The incidence of traumatic brain injuries (TBI) is increasing worldwide. A major concern with hypotensive resuscitation, is the possible effect of exacerbating secondary brain damage in patients with concomitant severe head injuries. Pioneering clinical research by Rosner et al13 strongly suggested that maintaining the cerebral perfusion pressure (CPP) more than 70 mmHg reduces morbidity and mortality in TBI patients. Recent work by Alspaugh et al14 demonstrated that delaying fluid resuscitation in animals with combined grade IV splenic and traumatic brain injuries, led to a higher mortality rate. They also found that the size of the brain lesions on post mortem examinations were larger in the cohort with delayed fluid resuscitation.
Trauma fluid resuscitation continues to be a hotly debated issue. There is overwhelming experimental evidence to suggest that administration of resuscitation fluids is not entirely innocuous. Aggressive intravenous crystalloid administration in the presence of uncontrolled hemorrhage promotes continued bleeding and increases mortality.
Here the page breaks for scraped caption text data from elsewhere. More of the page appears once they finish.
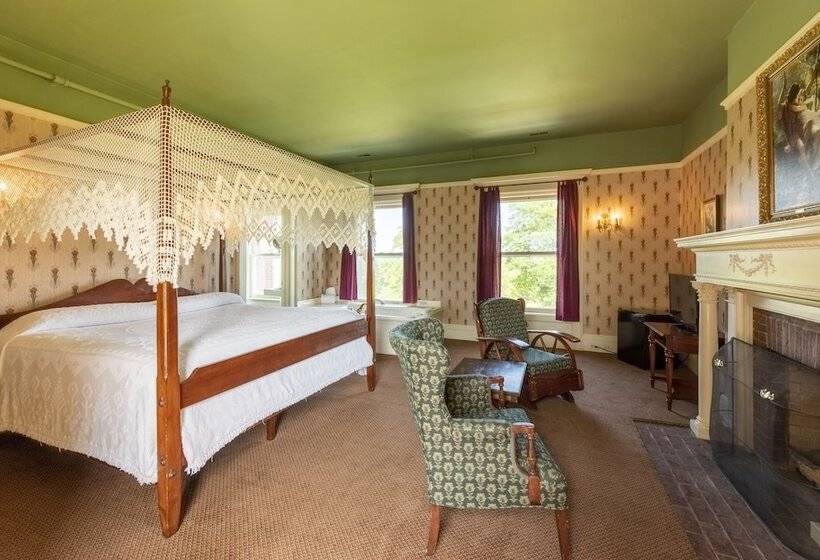 旅馆 White Springs Manor A Belhurst Property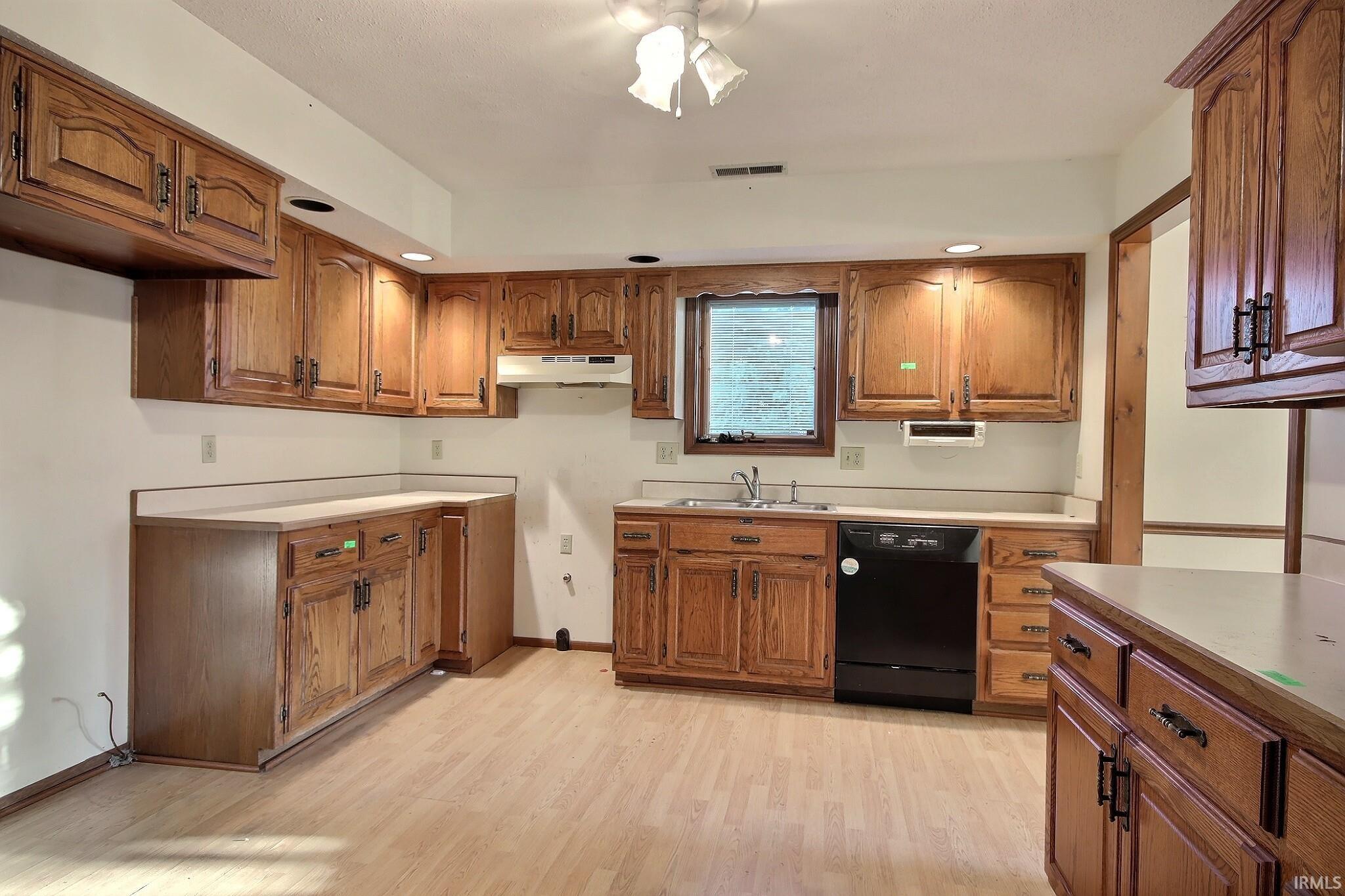 2228 Candlewick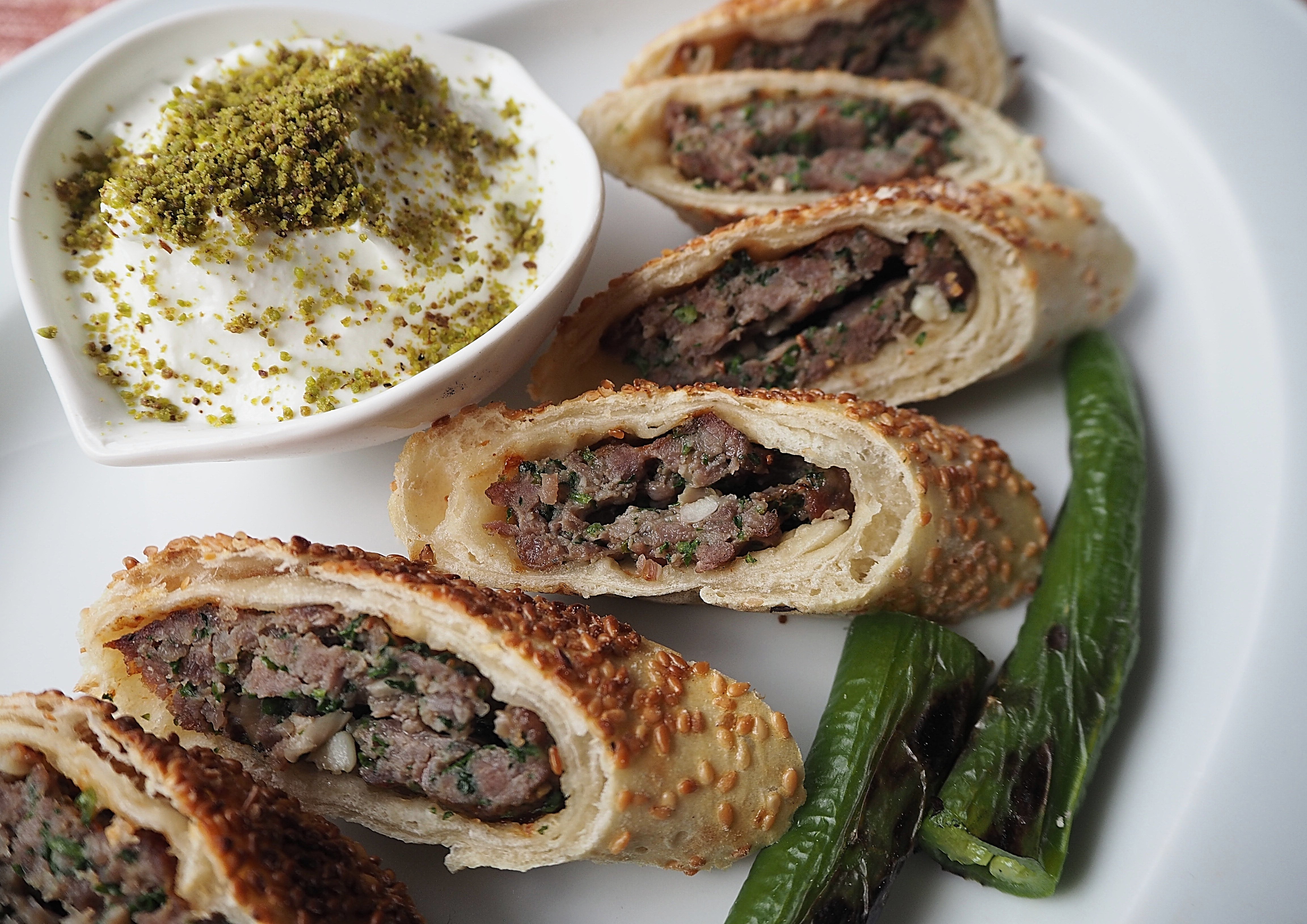 Kabuba’nın leziz yufkaya sarılı beyti kebabı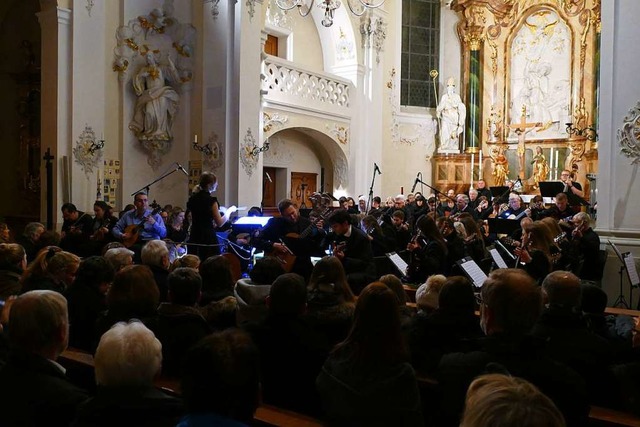 Der Altarraum in St. Josef in Kollnau ...enschiff und die Emporen mit Publikum.  | Foto: Sylvia Sredniawa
However this is countered by concerns that avoidance of fluids in the resuscitative phase may lead to tissue hypoperfusion, organ failure and death prior to control of bleeding. It may also have a deleterious effect on neurologic outcome in patients with TBI as well as increase the number of unnecessary operations. Currently there is no clear cut universal consensus pertaining to the optimal resuscitation strategy in trauma patients. However most prudent trauma surgeons propose, that a policy of judicious fluid administration to maintain the MAP in the 60 - 80 mmHg range is advisable and appropriate.15,16 Fluid resuscitation in trauma should be considered a double edged sword (too much too early or too little too late!). It should not be considered definitive therapy; as in a number of trauma patients it is only a temporizing measure, until surgical control of bleeding can be achieved.
1. Advanced Trauma Life Support Course.® 7th. ed. Chicago: American College of Surgeons, 2001.